Zaidi afirma que queria mostrar para o mundo que os iraquianos receberiam os americanos com os pés. “Na nossa cultura, mostrar a sola do calçado é um modo bem ruim de tratar os outros.”
Depois que o presidente americano desviou dos “projéteis”, Zaidi foi contido por agentes de segurança. Os sapatos desapareceram de vista. “Acho que levaram para ver se tinha uma bomba dentro”, diz o jornalista.
Zaidi conta ter passado três meses em prisão solitária. Afirma, também, que as forças de segurança do premiê iraquiano, à época Nuri al-Maliki, quebraram seus dedos do pé e seu nariz. Ele foi condenado a três anos de prisão. Saiu, no entanto, depois de nove meses e virou um herói local. Apareceram estátuas de seus sapatos no país, representando o repúdio aos invasores americanos.
Pese a violência de seu gesto, e a gravidade de atacar um chefe de Estado, o jornalista até hoje recebe mensagens de apoio nas redes sociais. Recentemente, por exemplo, um usuário escreveu: “Eu era uma criança quando você arremessou aquele sapato, e eu sentia muita dor e confusão com o que estava acontecendo no Iraque. Você me deu uma força e catarse que sinto até hoje.”
“As pessoas olham para mim como um herói”, diz Zaidi. “Mas eu me vejo como um guerreiro lutando contra o abuso, a corrupção e a injustiça, tanto no Iraque quanto no restante do mundo.” O jornalista concorreu ao Parlamento em 2018, mas foi derrotado nas urnas. Ele agora trabalha na TV.
Às vésperas do aniversário de 20 anos dos atentados de 11 de Setembro, Zaidi descreve aquele dia como uma lembrança terrível. Fala com pesar das pessoas que viu cair das Torres Gêmeas. Os afegãos e os iraquianos, diz, foram vítimas também do ataque. Viraram peças no tabuleiro de potências globais que, na sua avaliação, confabulavam para extrair petróleo.

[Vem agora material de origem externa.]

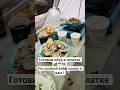 #сша Готовим еду в палатке | Собака Хаски #shorts #usa #америка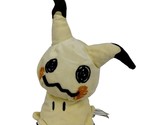 Pokemon Center International Mimikyu 10 inch Stuffed Plush Toy 2016 Ghos... - $13.96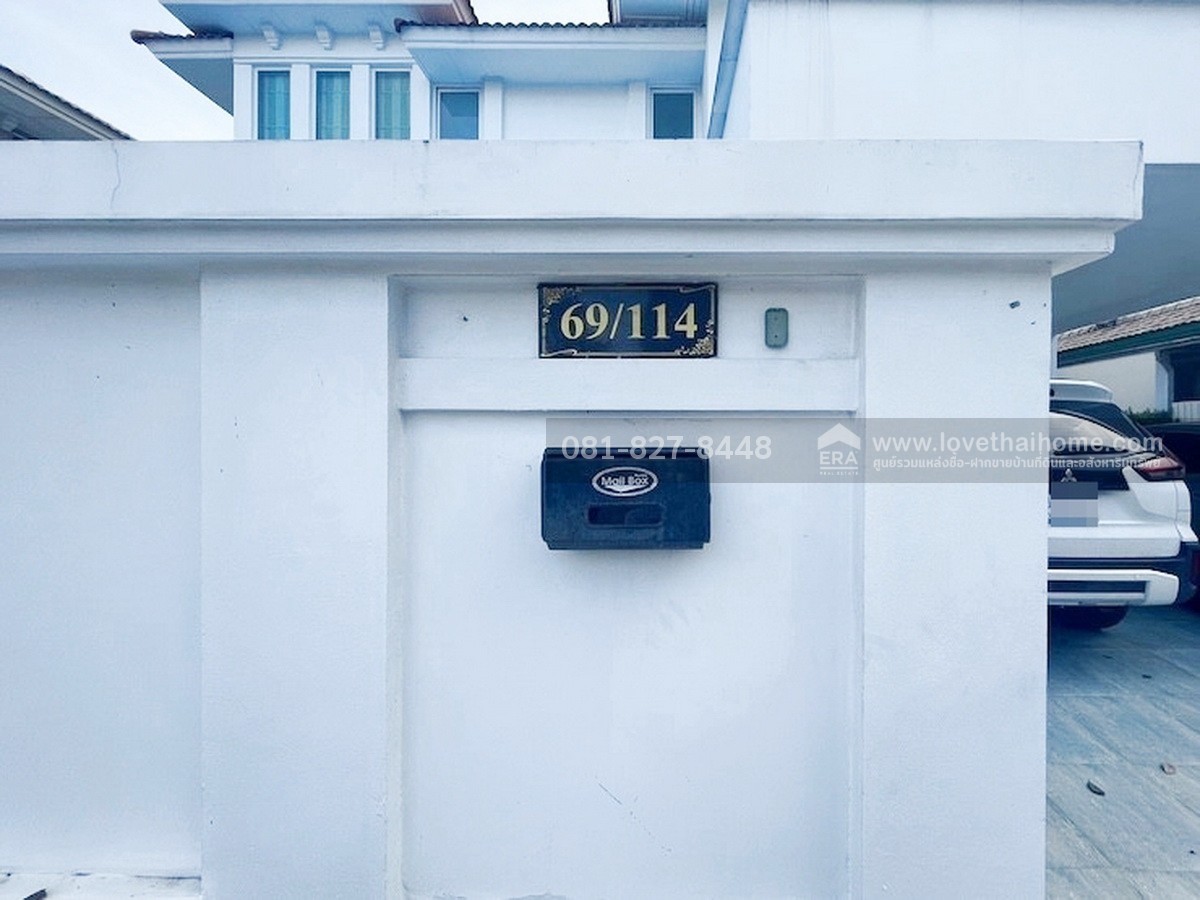 ขายบ้านเดี่ยว หมู่บ้านวราบดินทร์ วงแหวน-ลำลูกกา คลอง 5 พื้นที่ 81 ตร.วา พร้อมอยู่ ทำเลเยี่ยม ใกล้ทางด่วนกาญจนาภิเษก (วงแหวนรอบนอกตะวันออก) และสามารถเชื่อมต่อถนนนิมิตใหม่ได้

Nas últimas semanas, Zaidi assistiu à retirada americana do Afeganistão -o suposto fim da era de duas décadas que engoliu seu Iraque natal. “O Talibã era um regime ruim, mas a ocupação é ruim também”, diz. “A Casa Branca fracassou em criar um bom regime no Afeganistão. Permitiu que pessoas corruptas controlassem o país. O que aconteceu com os seus bilhões e bilhões de dólares?”